**Provided material**:
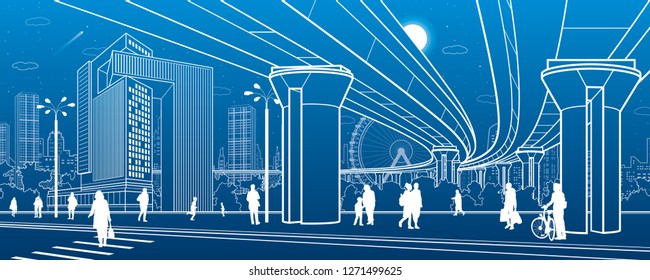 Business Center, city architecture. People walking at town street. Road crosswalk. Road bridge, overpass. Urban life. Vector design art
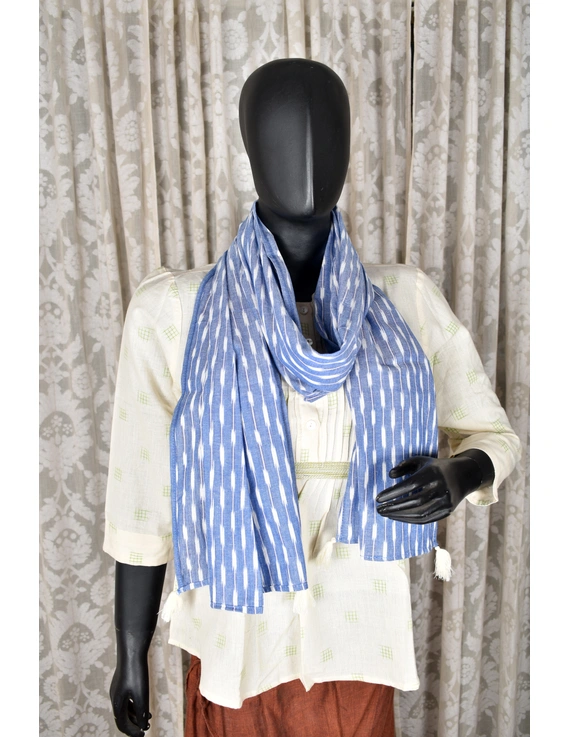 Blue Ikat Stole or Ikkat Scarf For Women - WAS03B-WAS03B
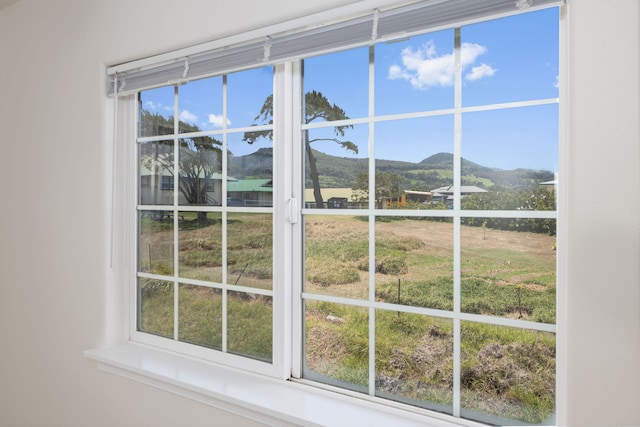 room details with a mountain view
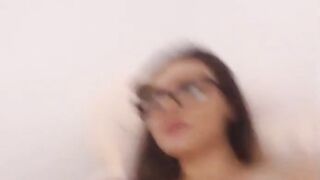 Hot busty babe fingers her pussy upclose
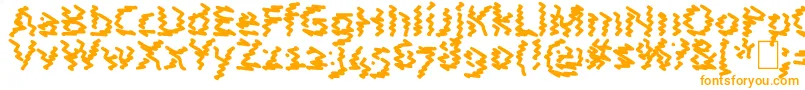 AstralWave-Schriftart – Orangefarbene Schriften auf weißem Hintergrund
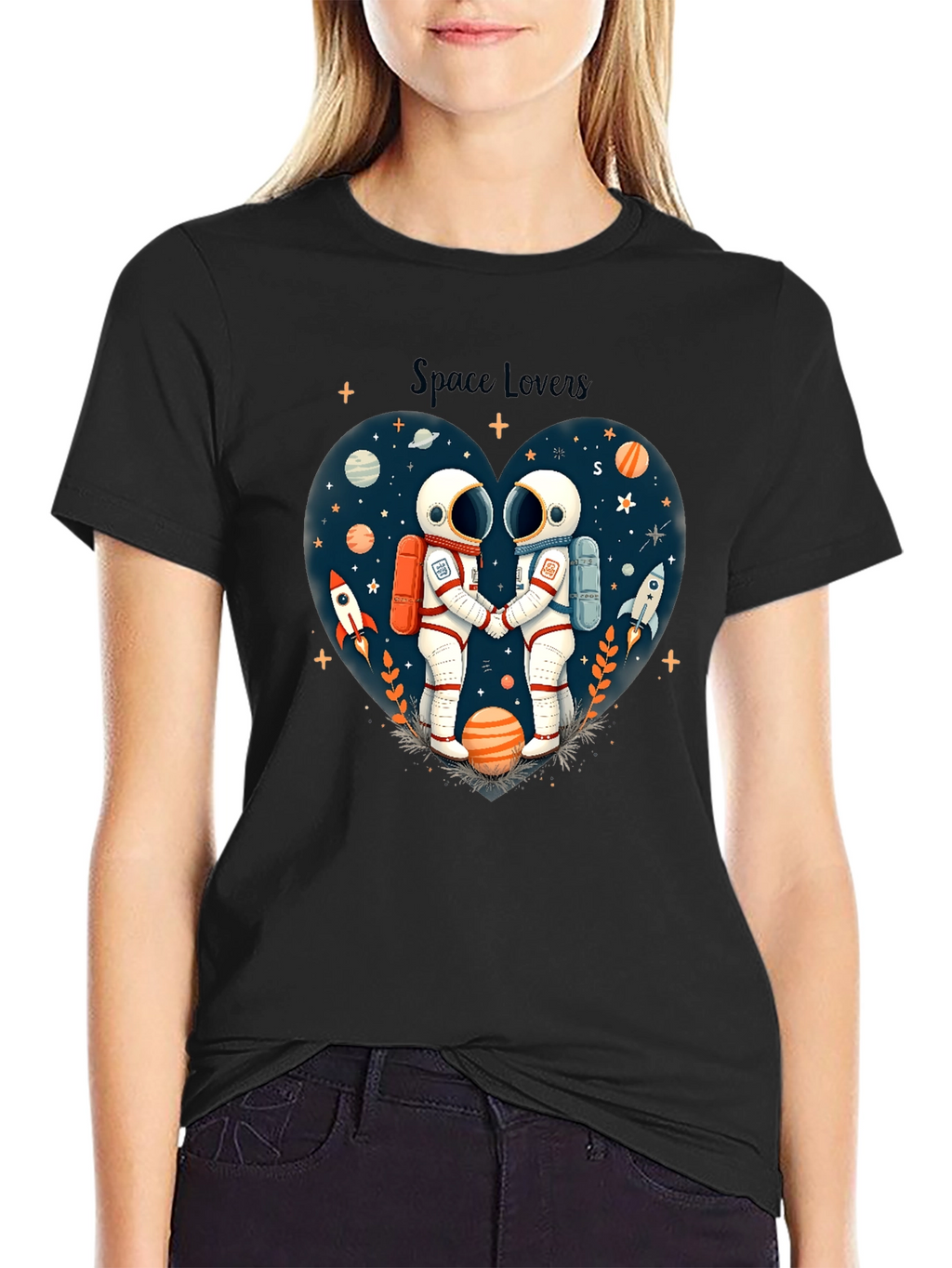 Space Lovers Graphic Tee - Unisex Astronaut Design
---
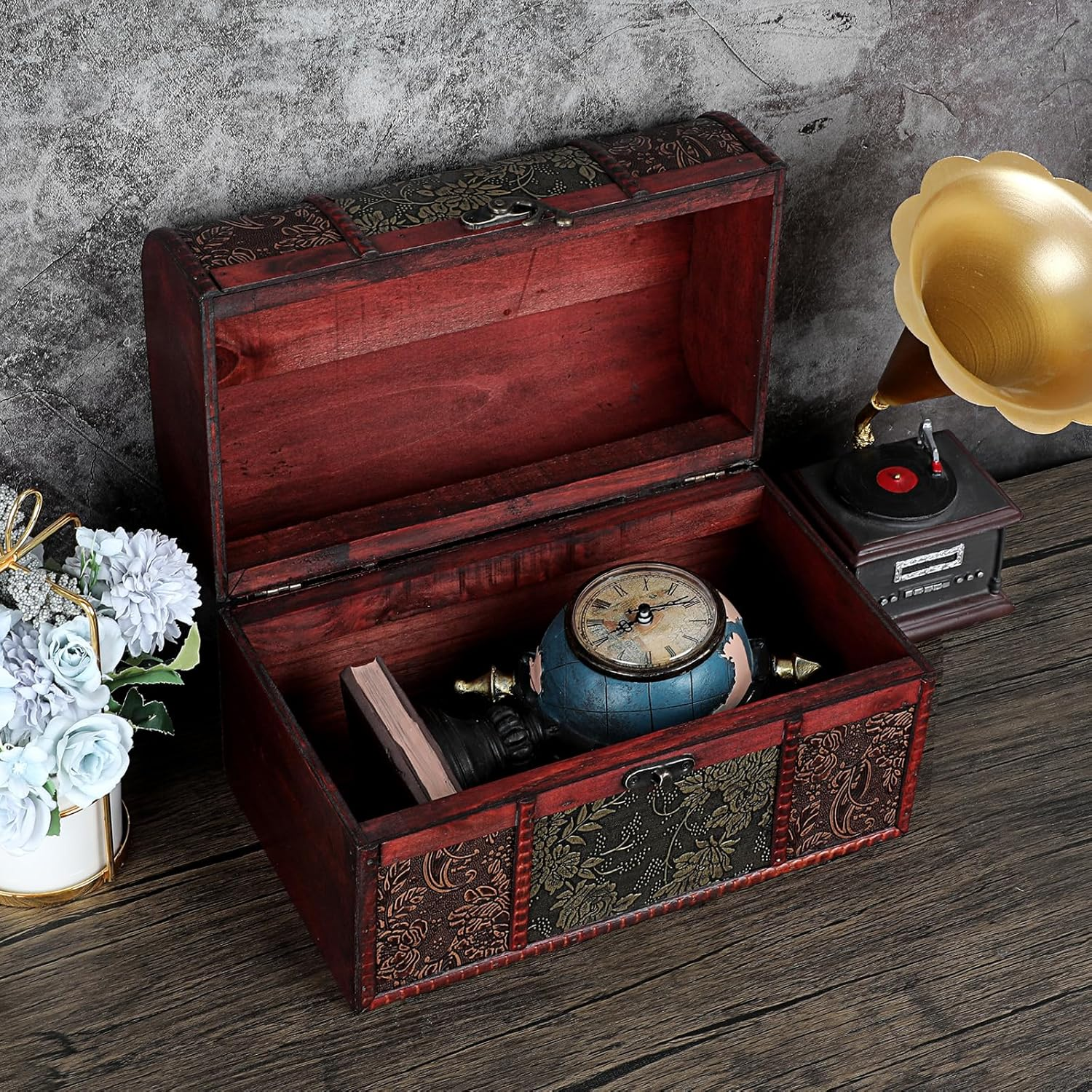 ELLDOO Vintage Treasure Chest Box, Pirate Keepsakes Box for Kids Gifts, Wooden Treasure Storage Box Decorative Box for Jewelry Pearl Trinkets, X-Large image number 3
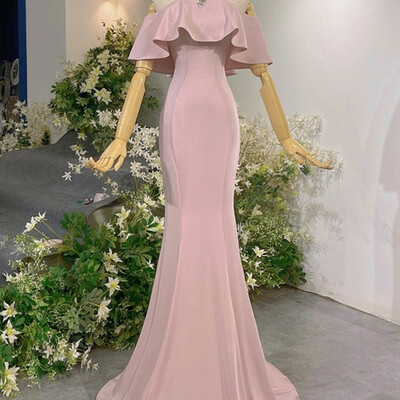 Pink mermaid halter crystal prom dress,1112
* * *
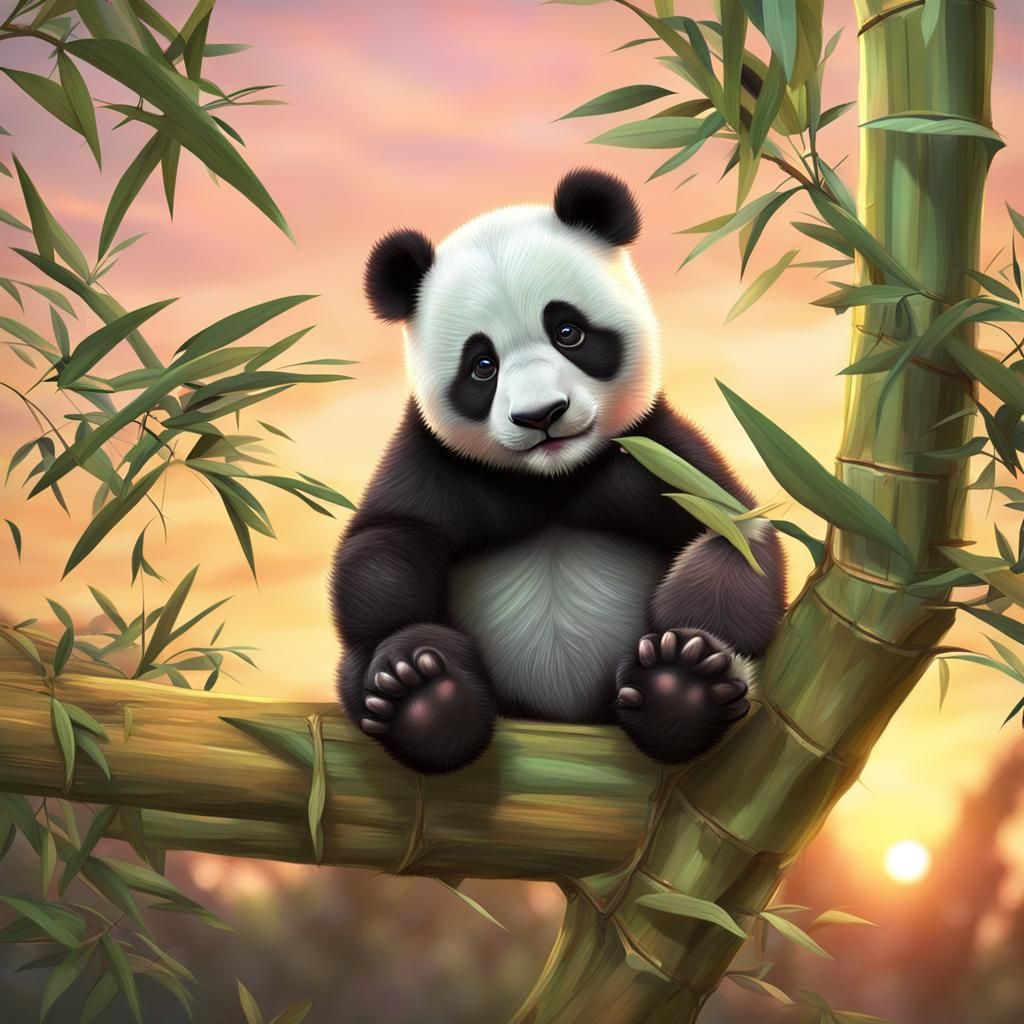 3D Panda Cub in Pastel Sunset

**What needs to be done**:
Your answer should be the exact lines above from the one containing "Business Center, city" through the one containing "Hot busty babe fingers her pussy upclose", with both end lines kept and the pictures removed, please.

**Finished exercise**:
 Business Center, city architecture. People walking at town street. Road crosswalk. Road bridge, overpass. Urban life. Vector design art
 Blue Ikat Stole or Ikkat Scarf For Women - WAS03B-WAS03B
 room details with a mountain view
 Hot busty babe fingers her pussy upclose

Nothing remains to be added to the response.